Маркиш все же противопоставлял «Илиаде» с ее зрительными образами «Одиссею», в которой преобладают звуковые и тактильные ощущения. Целые сцены в ней основаны на голосовых восприятиях: циклоп на голос кидает утес, Елена подражает голосам жен скрывшихся в троянском коне ахейцев. Стены и пороги «Одиссея» характеризует как «гладкие», коней описывает как «густогривых», героев — как «густовласых». Переяслов, поясняя Маркиша, делает примечание: «Создается такое впечатление, будто к автору подводят то коня, то девушку, а он, не имея возможности полюбоваться на их стать и осанку глазами, запускает руку в гриву или в кудри и, подергав, одобрительно хмыкает: ничего, мол... густовласая...» Таким образом, основной вывод Маркиша — подтверждение концепции «хоризонтов», «разделителей». (Горизонтами или, на языке классиков, хоризонта-ми называют тех ученых с античного времени, кто считает, что у Илиады и Одиссеи разные авторы. Хори-зонт здесь в своем исконном значении — «разделение», «разделитель».)
Но Портнов внес в выводы Маркиша одно уточнение. Он не согласен с тем, что «Одиссею» сочинял незрячий. В XIX песни «Одиссеи» описывается ткань, которую носил Одиссей:
Хитон, я приметил, носил он из чудной Ткани, как пленка, с головки сушеного снятая лука,
Тонкой и светлой, как яркое солнце; все женщины, видя Эту чудесную ткань, удивлялися ей несказанно
(Одиссея XIX, 232-235).
Есть и еще ряд таких примеров. Наиболее яркий Портнов описывает так: «Поражает точность цветовых характеристик металлов: олово — белое, медь — багряная, а вот железо... Знаете ли вы, какой цвет имеет железо?.. Ведь этот вопрос оказался не под силу даже современным специалистам: технические справочники уныло сообщают, что у железа цвет... железно-серый! Не нашлось у инженеров подходящих слов, слишком беден технический язык. А вот Гомер нашел точное определение: в его поэмах железо — седое! Блестящее поэтическое сравнение, о такой „находке“ можно только мечтать. Но для этого необходимы зоркие глаза, нужно видеть! Поэмы Гомера — несомненное свидетельство того, что первый поэт мира был наблюдательнее и зорче нас!»

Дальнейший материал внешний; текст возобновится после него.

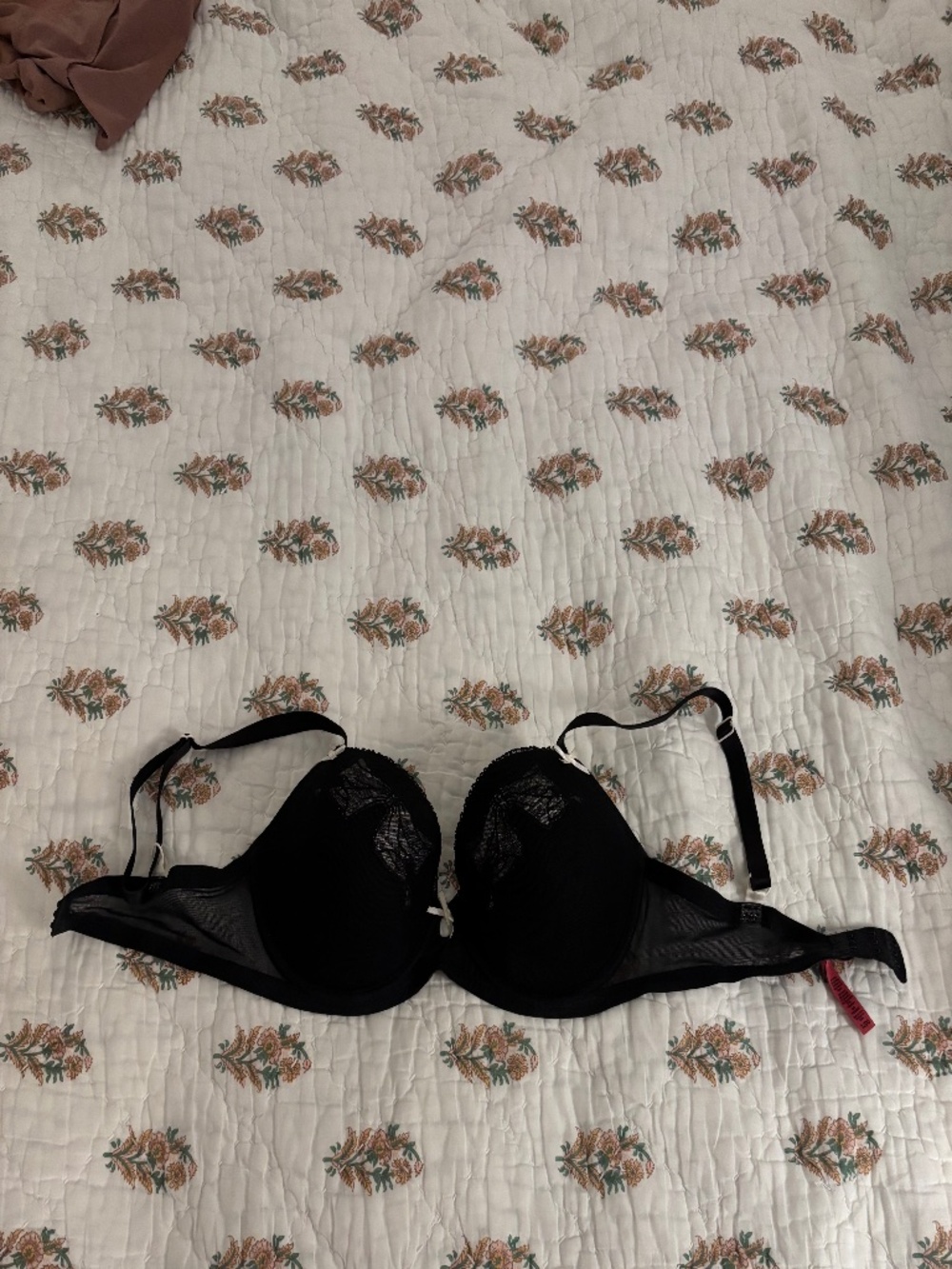 Betsey Johnson Underwire Black Bra with Lace Overlay, 32DD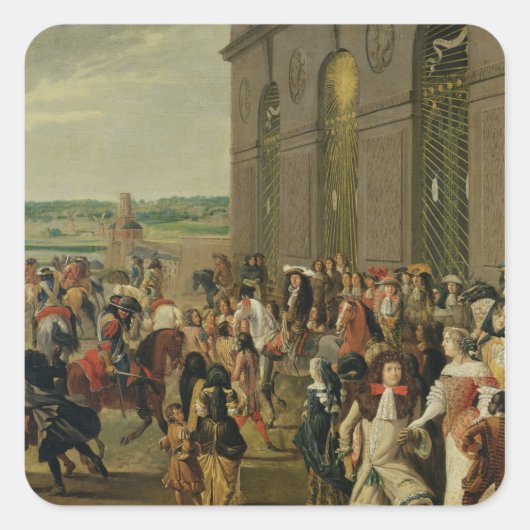 Louis XIV voor de Grotto van Thetis Vierkante Sticker (Voorkant)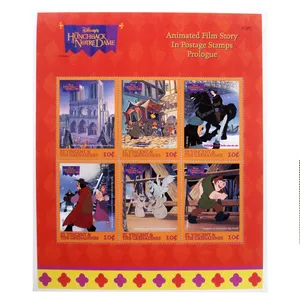 تمبر یادگاری سری کارتونی مدل hunchback in notredame مجموعه 9 عددی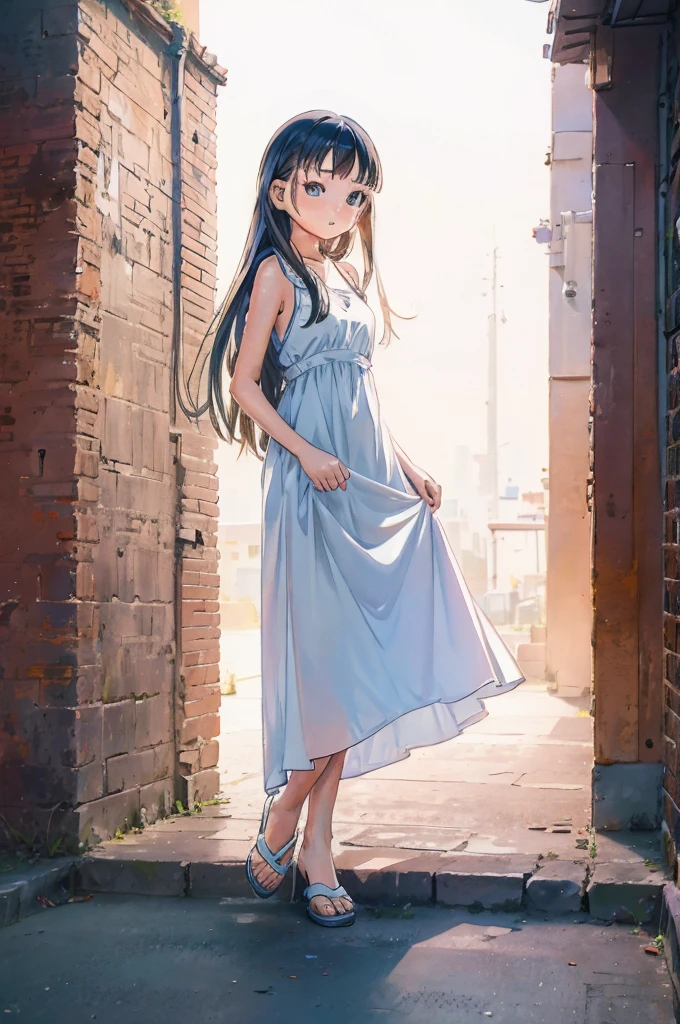 Model Mädchen mit langem Kleid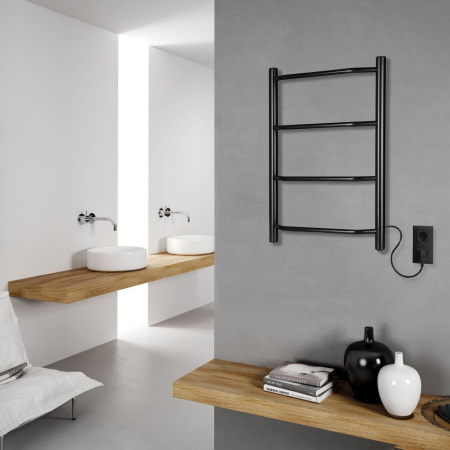 Электрический полотенцесушитель Vimarr Kaskad PSKkVMRKe46BL 400х600, черный матовый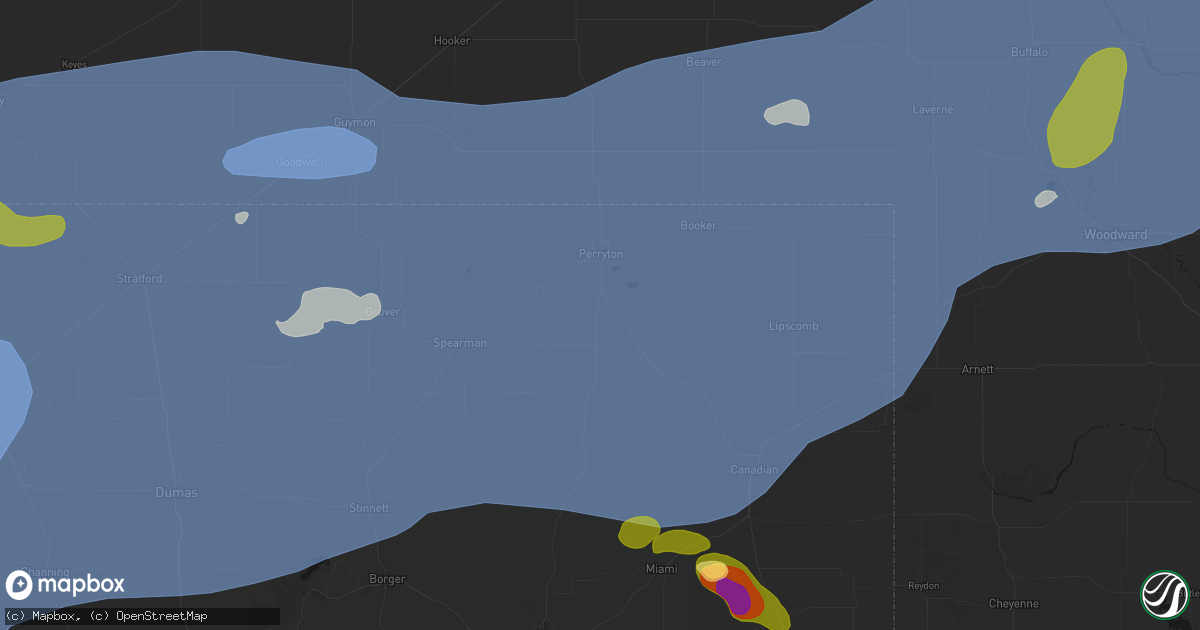 Hail map in Perryton, TX on June 26, 2026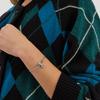 VIVIENNE WESTWOOD Mayfair Bas Relief Classic Series Studded Saturn Seasonal Limited Blue Diamond Silver Chain Bracelet Women Bracelet 61020032-02W388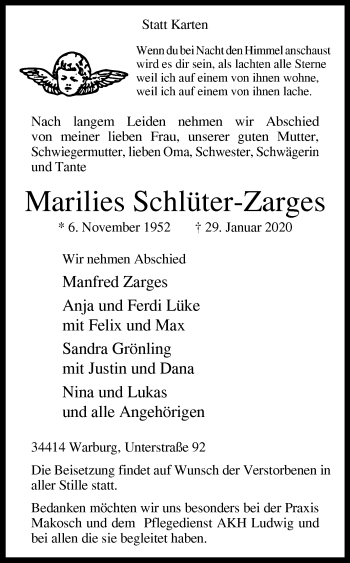 Traueranzeige von Marilies Schlüter-Zarges von Westfalen-Blatt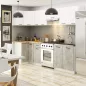 AKORD Oliwia Sarok Konyhabútor Szett Fehér-Beton 3m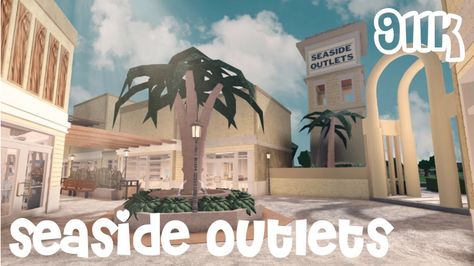 Bloxburg Plaza Ideas, Bloxburg Shopping Center, Beach Town Bloxburg, Bloxburg Speed Build, Bloxburg Mall, Ideas For Bloxburg, Mall Exterior, Water Park Ideas, Mall Building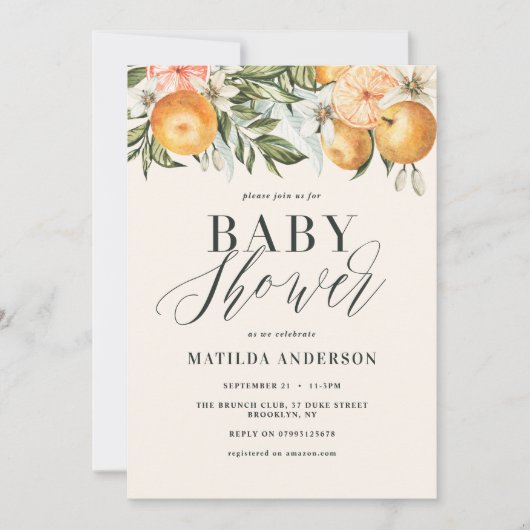 Citrus, oranje + bloesems (Voorkant)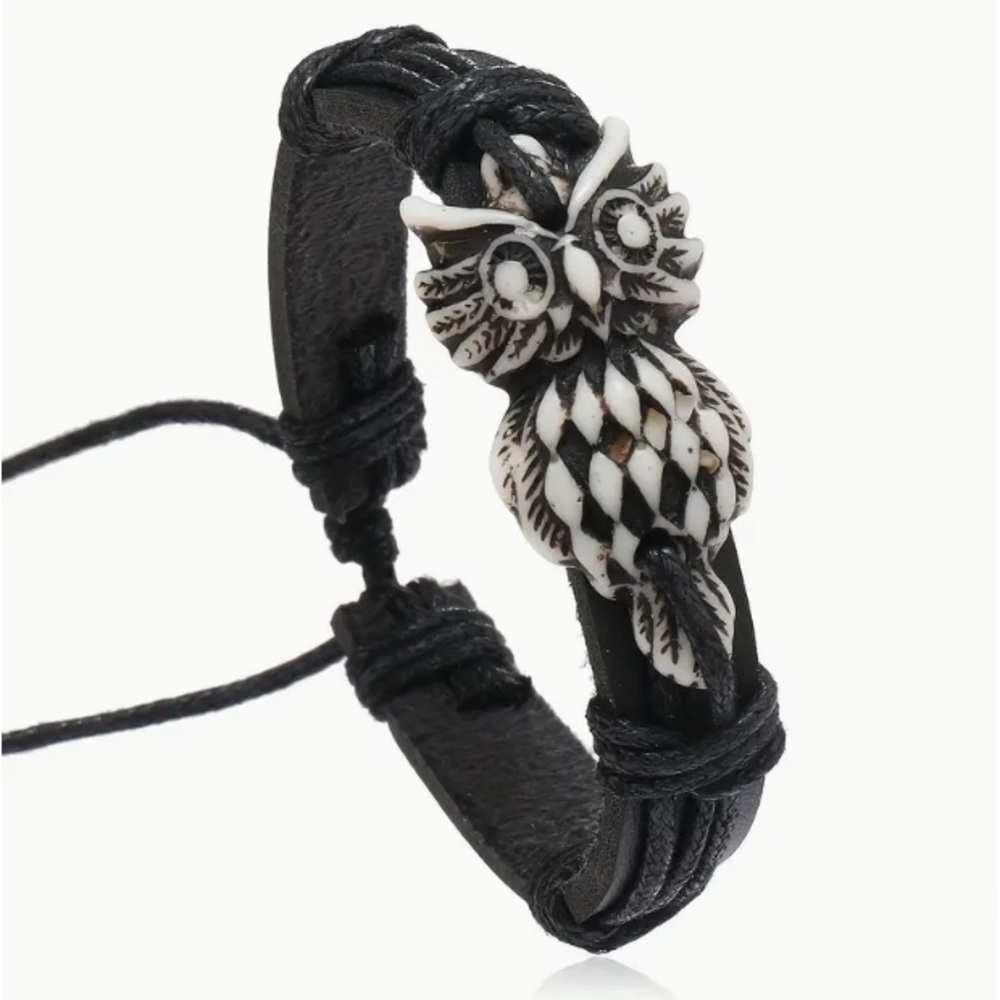 Synethic Leather Turtle or Owl Adjustable Bracelet - Picture 5 of 7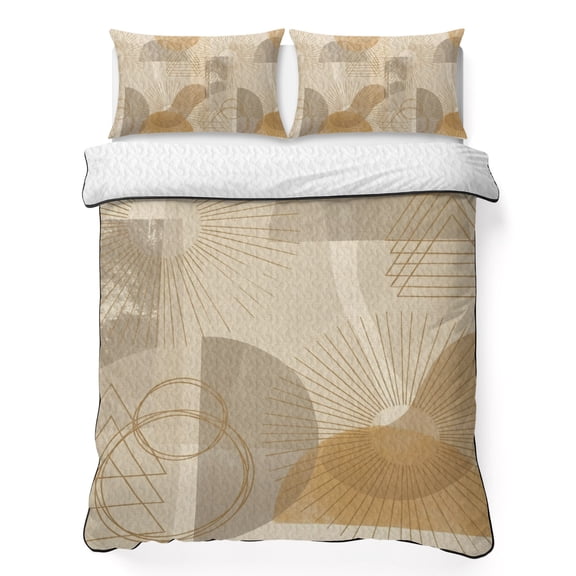 King Quilt Bedding Set, Retro Abstract Sun Geometric Art Soft Microfiber Summer Bedspread Coverlet with 2 Pillow Shams, Stripe Color Block on Linen Breathable Bedding Set for Hot Sleepers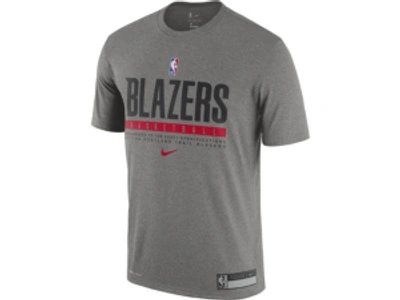 Shop Nike Men's Portland Trail Blazers Practice T-shirt In Gray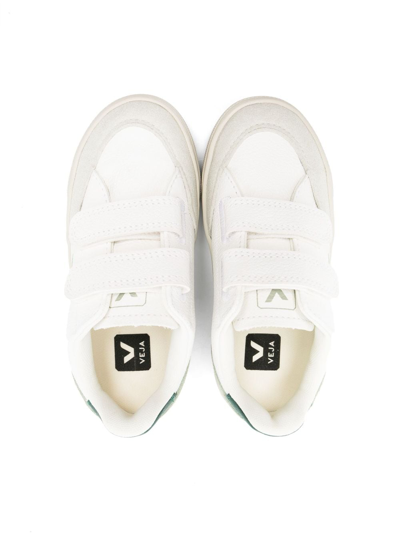 Shop Veja Touch-strap Leather Sneakers In White
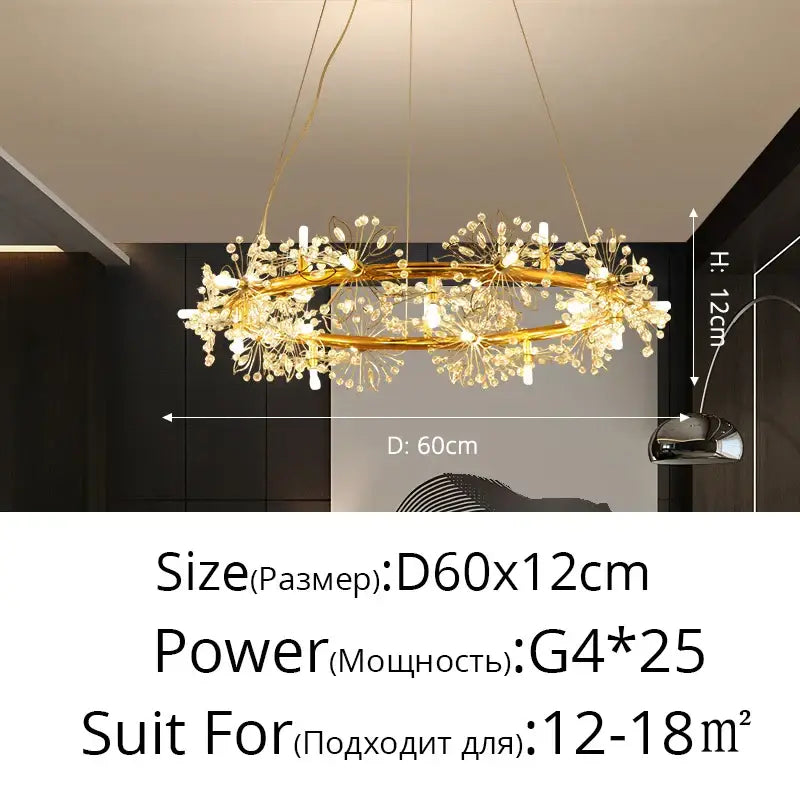 Elegant black dandelion flower chandelier led with gold-toned circular frame and intricate crystal decorbites dandelion flower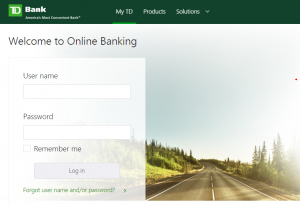 td bank online log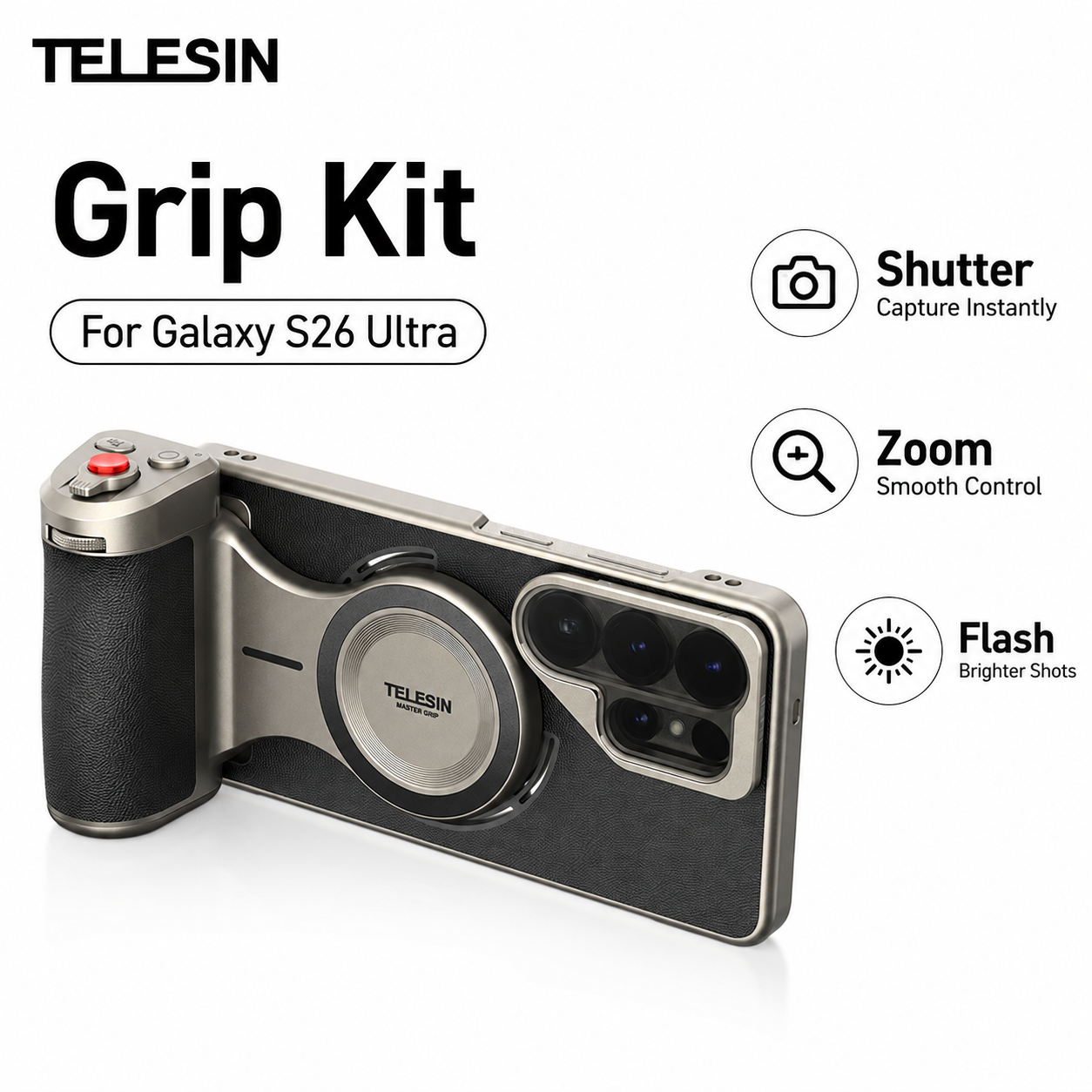 Photography Lighting Wireless - TELESIN Master Photography Case Grip Kit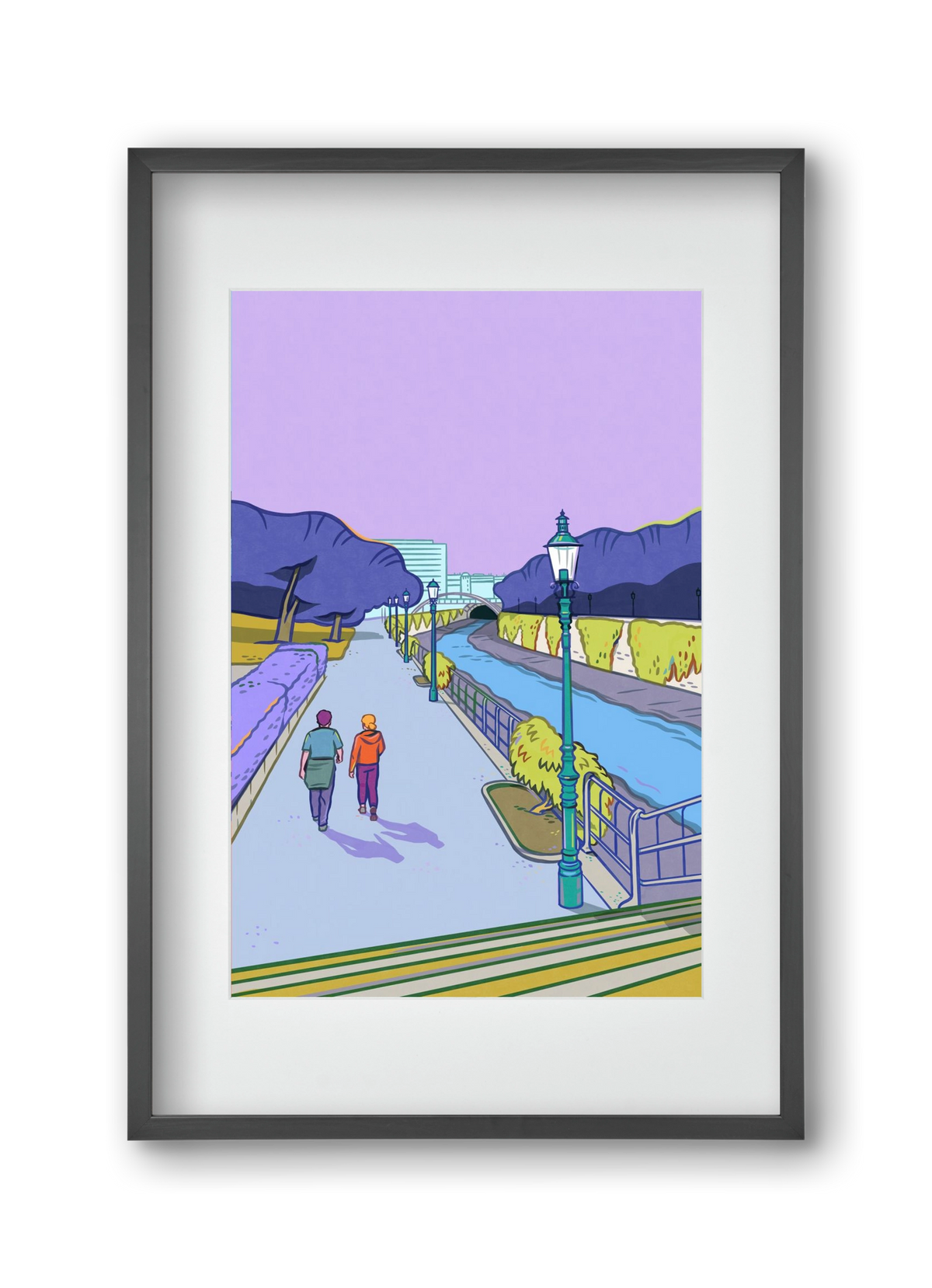 Stadtpark - Wien, 30x45 cm (20x30 cm), Fekete keret, paszpartuval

По подсчетам Портнова, 85-90 процентов информации поэт передает на основе зрительного восприятия, около 10 процентов у него приходится на слух, остальное — на осязание и запах. Такое распределение, резюмирует Портнов, характерно именно для зрячего. Ведь нормальному, здоровому человеку зрение поставляет до 90 процентов информации об окружающем мире.
Не очень доверяя противопоставлению всей «Одиссеи» «Илиаде», Портнов полагает, что признаки слепоты творца сосредоточились в ней в песнопениях Демодока. Именно в них преобладает звук, и «гомерический смех» богов раздается именно в них. По Портнову, «этот знаменитый смех — создание не Гомера, а Демодока!». Портнов пишет: «Похоже, что Гомер действительно вставил в свою поэму песнь слепца в качестве „развлекательной программы“, но сделал это корректно и безупречно, с точки зрения даже современной этики, указав имя автора песни и органично включив ее в описание веселого народного праздника». Похоже, что Портнов верит в реальность Демодока. Верит ли он в реальность царства Алки-ноя, где пел Демодок? В реальность странствий Одиссея? Поскольку он пишет и о том, что в жилах Ахилла текла протоскифская кровь (он полагает, что скифы были русоволосыми), то он действительно чересчур доверчив к мифическим образам.